Spoke to my sister. She's off maternity leave as of Monday, goes back to work. She cannot WAIT. She asks me, "why do I keep having babies that cry ALL THE TIME? I feel like God is angry at me." And, not in a joking way. In a real tired, aggravated way. (I've never heard her be so close to... I don't know, the edge.) And she feels so guilty about being so happy to get away from them for a few hours at a time. Sigh. I feel terrible for her. I wish she lived closer, so I could at least help her out more. I'm going to send her some ~ma that she has a good day with both her kids tomorrow, some sleep tonight and tomorrow night (the baby is up every 2 hours, maximum), and not be so harried by the time Monday comes along.

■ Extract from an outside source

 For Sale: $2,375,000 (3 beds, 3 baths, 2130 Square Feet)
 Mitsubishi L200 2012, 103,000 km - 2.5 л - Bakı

And maybe she finds out she misses them a little, just because I think she'll feel a bit better about her maternal instincts. And her kids in general.


Cashmere - Jan 08, 2005 5:16:50 pm PST #2179 of 10002
Now tagless for your comfort.

Nora, there are days when I yearn for more than a few hours on my own. Babies drain you of every ounce of energy, thought and even self at times. I spent four hours away this afternoon, just running errands by myself and it felt really good to be just me for awhile. Of course, when I walked in the door and Owen smiled and laughed and crawled to me, my heart melted and I became that mommy-person again.

It all balances out. I hope your sister gets some rest (which, I'm sure, would bring her away from the edge a bit) this weekend. I'll pass some sanity-ma her way.

When I'm off visiting my sisters, I sometimes think it would be nice to have them closer to help out, but geography is what it is. I try not to dwell on that.